The I-beam has a height slightly larger than the diameter of the pipe. The pipe flanges are spaced from I-beam so they may be connected to other flanges for connectors, pumps, etc. The well in the hull has an elliptic shape in cross section and a guide recess at each end of the short axis extending the full vertical length of the well. The water tower has an elliptic cross section that fits into the well and the flange and rack at each end of the short axis provide movable guide means fitting into the guide recess at each end of the short axis of the well which provide stationary guide means to guide the water tower for vertical movement in the well. Thus water tower and wall have small deck area requirements and high strength relative to transverse forces.

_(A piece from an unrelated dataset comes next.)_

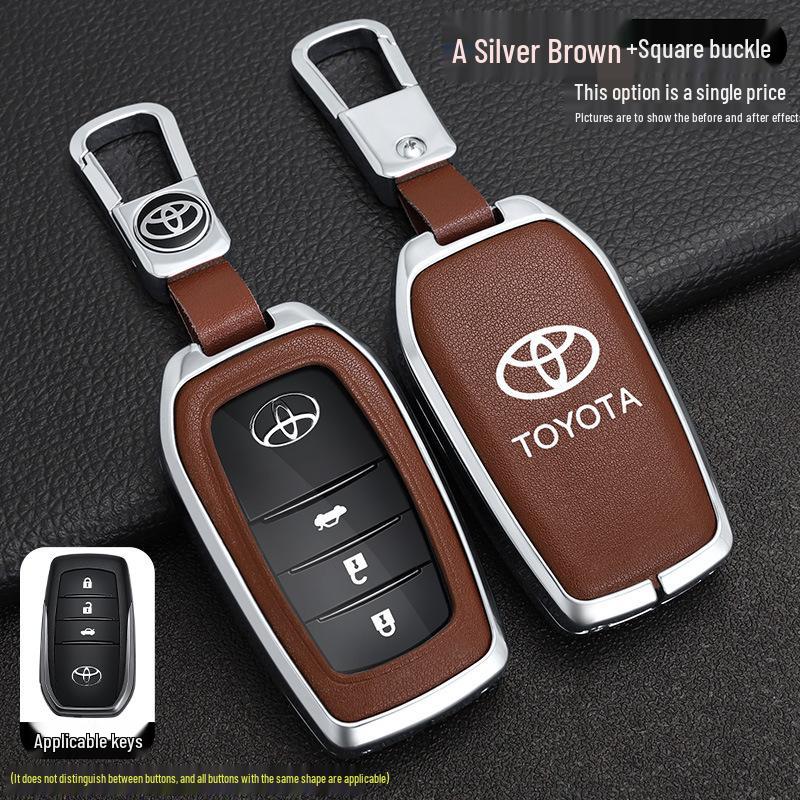 2026 Toyota Corolla RuiFang Двухдвигательный Elite Чехол на ключ - Металлический корпус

The rack is about half as wide as the flange and is centrally secured to the flange. Each flange has flat guide surfaces on the face at each side of the rack and at the side edges. The guide recess has a guide recess portion fitting the flange on on each side of the rack and each edge with clearance and a central rack recess portion fitting the rack on each side and the tooth face with clearance to guide the water tower for vertical movement.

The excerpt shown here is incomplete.